1. Practice exiting trades at break-even, using a one-tick target, a two or three tick soft stop (mental stop) and a 1.5 point hard stop. Never *allow* the market to hit your hard stop. Exit by moving your target toward your hard stop, not by moving your hard stop towards your target. With time, all of this must become a reflex. You won't always be able to keep your losses down to 2 ticks, but only on rare occasions should you find yourself letting the market hit your hard stop. ("Rarely" means only about once every 50-100 trades after you get the hang of it.)

Even though your entries won't be good enough in the beginning to make a profit trading these tight soft stops, your entries will gradually improve until you turn the corner and become profitable.


Learn exits and entries separately. Don't let the one influence the other.


Taking losses this way takes dedication and discipline, so stick with it. It's the key to confident trading. If you never take large losses (and rarely medium size ones), the fear of loss pretty much goes away, and your confidence grows. Especially after your entries improve enough to support a "scalping" type exit strategy.


2. Every trade *in all market conditions* begins as a scalp. Let me clarify this: if you're in a choppy market and you're looking to get small gains, like a point or so, manage your initial hard and soft stops *exactly* the same way you would in a quick trend or any other type of market. That means keeping losses as close to 2 ticks as possible, taking lots of break even trades and exiting every time the market doesn't give you *instant gratification* (within a minute or so).


No matter what the market is doing, you must demand that it moves in your favor right after you enter, otherwise you get out as close to break even as possible. This means you'll be closing a lot of trades near break-even within the first minute. This is the foundation of learning to trade for consistent gains.


3. Don't worry about the commissions on break-even trades. If you do, you'll hold on to losing positions, begging them to turn around for you. This is called *hoping.* In this business, this type of *hoping* is the kiss of death. Your money-making trades must move your way in the first minute or less. When trades don't act right in the first minute, most of them will hit your hard stops.


So don't get hung up on the fact that your broker loves you.
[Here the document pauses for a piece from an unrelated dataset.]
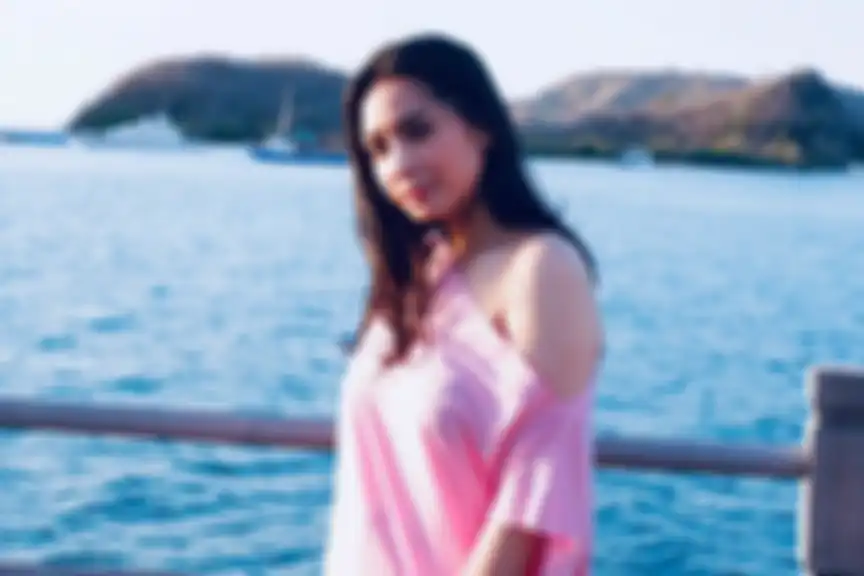 Modis Bak ABG! Intip Gaya Denim on Denim Nagita Slavina Saat Liburan ke New Zealand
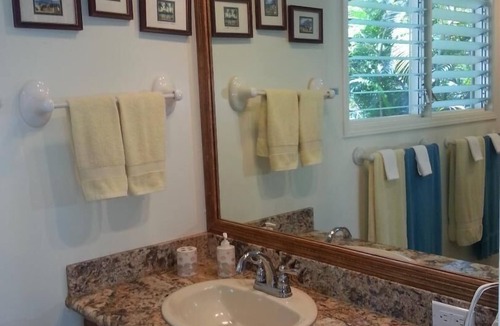 Lanikai Bed & Breakfast | Award Winner - Hawaii's Hidden Hideaway - Bed and Breakfast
Who cares if he/she makes a living?


Your concern is *limiting losses*. I care more about this than anything else in trading. (Well-timed entries make my tight soft stops possible, so they're almost as important as the exits.)


4. Practice your entries until your timing is so good that you can *reasonably expect* the market to go your way immediately, before it goes more than 2 ticks against you. This is not easy at first, but if you stick with it, you'll get it.
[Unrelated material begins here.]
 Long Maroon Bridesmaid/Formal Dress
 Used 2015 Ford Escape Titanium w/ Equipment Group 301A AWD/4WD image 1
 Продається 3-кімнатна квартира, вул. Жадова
5. Practice fading the emotional extremes on your entries. (Fading means entering in the opposite direction of the market's last move.) When an extreme NYSE-Tick (often above 1000 or below -1000) occurs at the same time the market accelerates into a support or resistance area, look for a price stall or reversal and fade the move. Fade the emotion.


6. Rarely, if ever, *chase* the market on your entries. Wait for a pullback to get onboard a trend.


I favor shorts over longs... I can get out of a short position quicker than I can get out of a long position. I don't know why. I like to say that I "see gravity better than helium." In the rare strong-trending markets where I may chase an entry, it's going to be a down trend, not an uptrend. I don't trust up trends enough to chase them. Maybe it's just a personal quirk and maybe not. I honestly don't know.


But it's interesting to note that most (not all) professional traders I've met are Bears and prefer short positions over longs. You should give it some thought and find out which direction works better for you. Are your losses bigger on shorts or longs? Specialize in one direction and trade the other direction only when things are looking real good.


7. Never let a gain turn into a loss. This will mean getting out of most trades a little (or a lot) too soon. You just have to live with it. Swing for home runs (greed) will ruin your trading. There is no mechanical formula that I know of, (such as, "move your stop to break even after you get 3 ticks gain") that will work. You have to develop a feel for how the market is acting at the moment, and use your feel to reduce your target or advance your hard stop. This comes with experience.


8. Develop a feel for the big picture movements of the market, not just the intraday action. Use the end-of-day market internals to analyze the market's mood and develop a daily bias.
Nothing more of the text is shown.